Embora tenhamos visto uma resposta solidária (mas discreta) do mundo da arquitetura frente ao populismo, ao racismo e à xenofobia, no caso do muro de Trump a arquitetura não é a resposta, mas o meio que o próprio presidente utiliza (além do populismo xenofóbico) para responder de forma simples a uma pergunta muito complexa, diante de uma cidade confusa e eleitores ávidos por respostas simples de digerir. Diante de um futuro nebuloso, queremos respostas claras e simples, mas sabemos que a física quântica não cabe em um vídeo de 30 segundos. Nem tudo pode ser sintetizado como gostaríamos. Há coisas que, por exemplo, são complexas por definição. No caso do muro, não se trata nem sequer de um tema de arquitetura, mas da engenharia e da construção. É uma ponte que cruza um rio, é um túnel que penetra uma montanha, é um cálculo matemático que determinará quanto devem medir esses muros para que ninguém possa ousar atravessar a fronteira, quanto concreto será necessário, onde estarão as passagens fronteiriças, com quanto investimento será rentável e com quanto apostarei na licitação com minha construtora.

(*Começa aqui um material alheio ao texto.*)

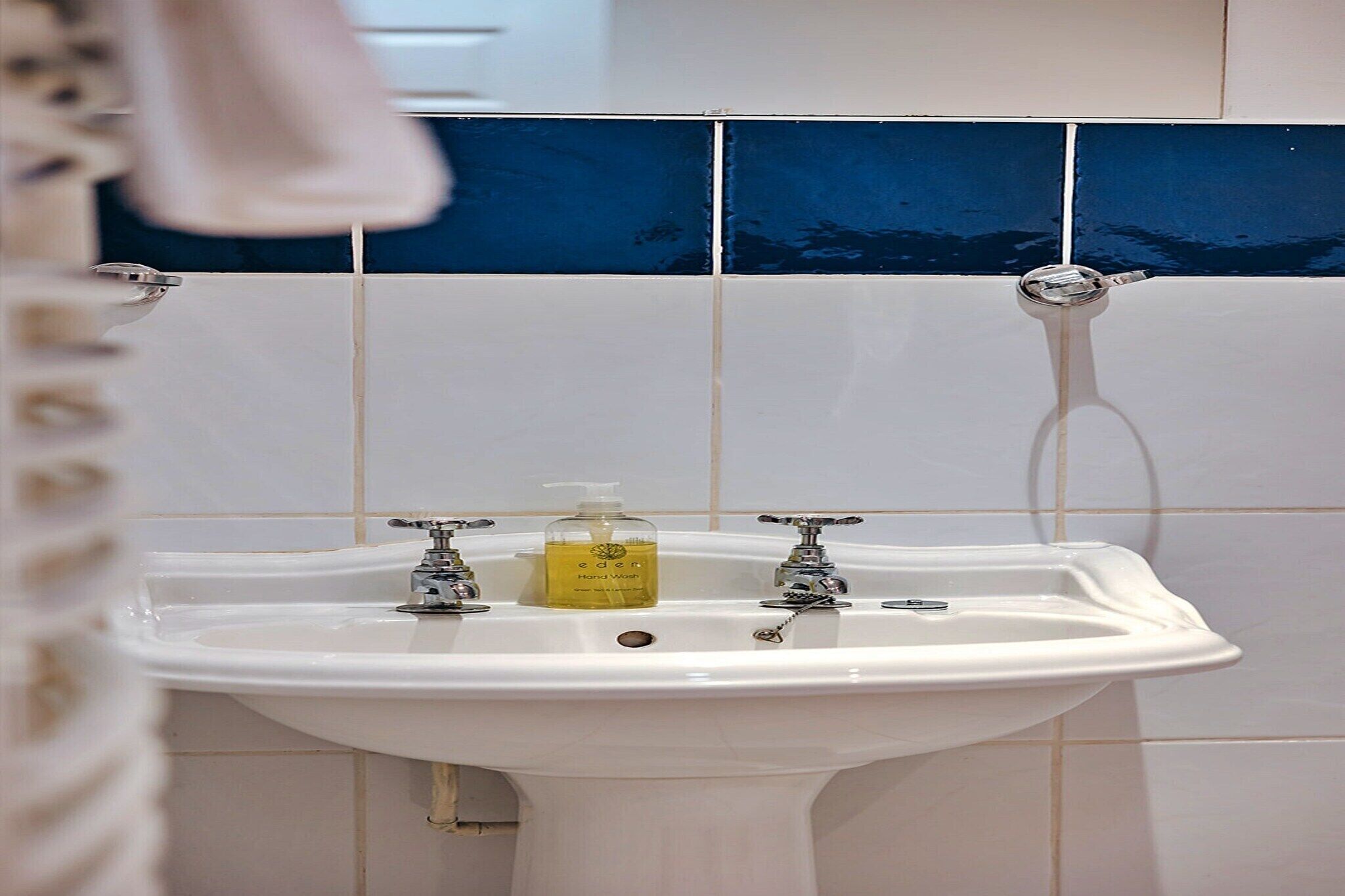 A bathroom with a white sink, two faucets, and a bottle of Eden hand wash soap.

Até agora, as respostas mais valorizadas do ponto de vista arquitetônico nessa série de auto-encomendas encaixam melhor no land art. São chamadas de atenção (para nós mesmos, como sempre) que convidam à reflexão, mas não são arquitetura. Além disso, nossa disciplina é frequentemente vista com desprezo, pois carece desse contexto que se perde com a vitalização da imagem.
A arquitetura tem algo a dizer quando se trata de imigração, conflitos armados e a transformação política das sociedades? Sim, claro, temos Teddy Cruz intervindo nessa mesma fronteira e Malkit Shoshan trabalhando junto ao Ministério da Defesa da Holanda sobre o impacto urbano das missões dos capacetes azuis em Gao, mas sabem que não poderão resolver tudo. A contribuição da arquitetura não está em um muro.